Ist er ein guter Kompromiss oder wird die Abhängigkeit von China zu groß? Darüber debattieren Handelsblatt-Leserinnen und -Leser. Hier eine Auswahl der Kommentare. 27.10.2022 - 12:55 Uhr Artikel anhören

Der chinesische Staatskonzern darf sich nun an einem Terminal des Hamburger Hafens beteiligen.

Foto: Reuters

„Eine Katastrophe“, „Einfach nur frustrierend!“ – so blicken viele Handelsblatt-Leserinnen und Leser kritisch auf den Hamburger-Hafen-Deal.
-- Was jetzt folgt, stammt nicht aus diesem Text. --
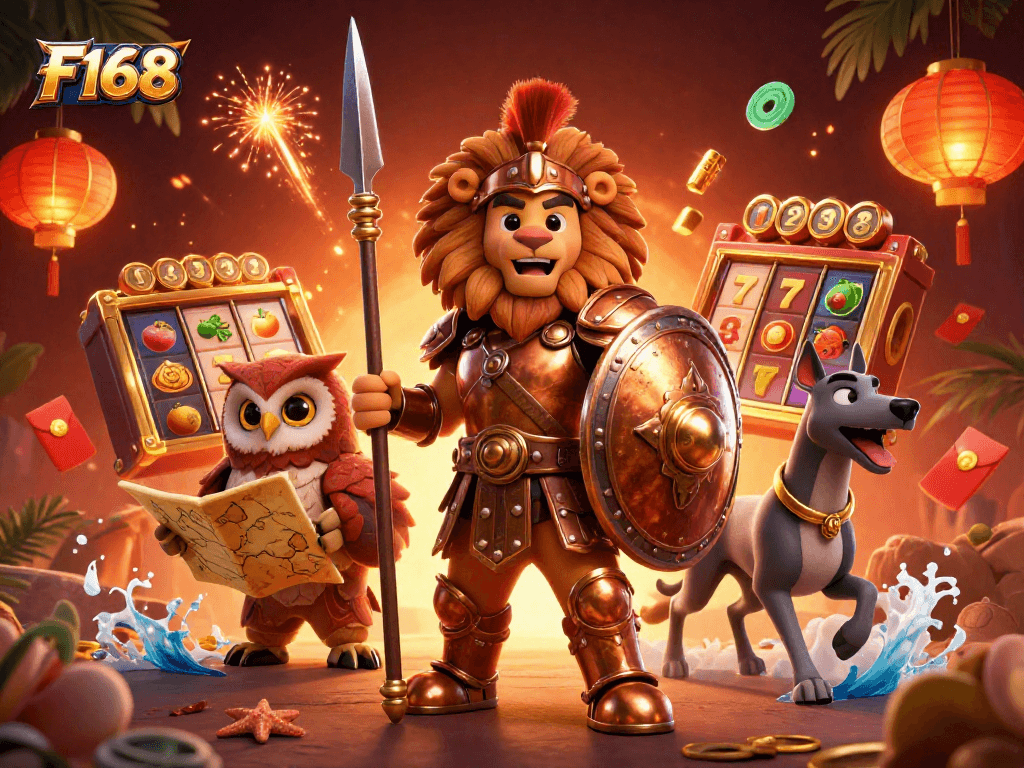 Engage in thrilling online gaming with F168's vibrant casino adventure featuring a Spartan lion, owl strategist, and greyhound messenger.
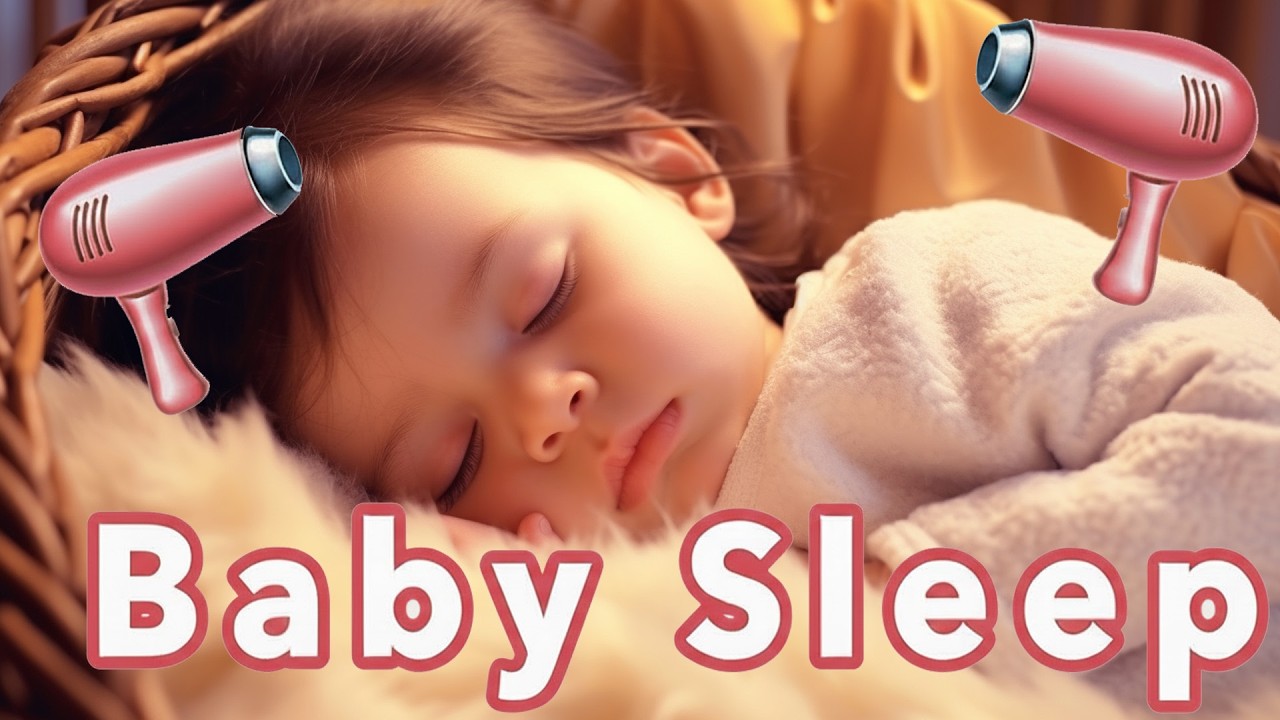 Fast Baby Sleep 🌙 Gentle Hair Dryer White Noise Sound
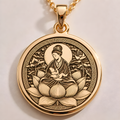 A polished 14K solid gold Motherhood pendant. This fine jewelry represents the sacred bond of family, making it a perfect Mother's Day gift.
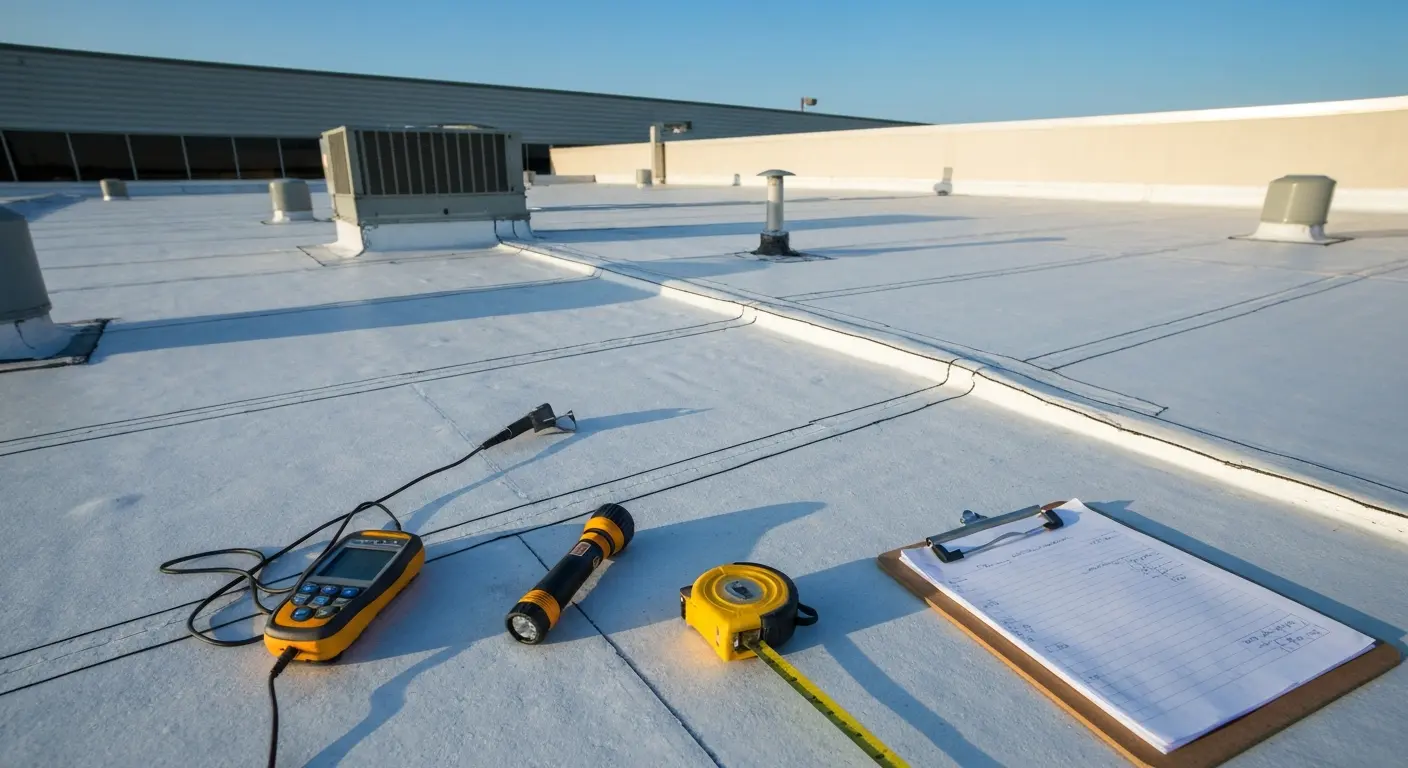 Commercial flat roof inspection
Das Bundeskabinett hat am Mittwoch einem begrenzten Einstieg der chinesischen Staatsreederei Cosco an einem Terminal im Hamburger Hafen zugestimmt. Allerdings darf sich das Unternehmen nur noch mit 24,9 Prozent statt mit 35 Prozent am Containerterminal Tollerort des Hamburger Hafenlogistik-Konzerns HHLA beteiligen.

Allerdings findet eine Leserin, dass Deutschland bereits jetzt in vielen Bereichen von China sehr abhängig sei, wie sich etwa bei den Lockdowns in der Volksrepublik gezeigt habe. Diese hatten sich auch negativ auf die hiesige Wirtschaft ausgewirkt. Vielmehr müsste Deutschland versuchen, seine Abhängigkeit von China zu verringern, meint ein Leser.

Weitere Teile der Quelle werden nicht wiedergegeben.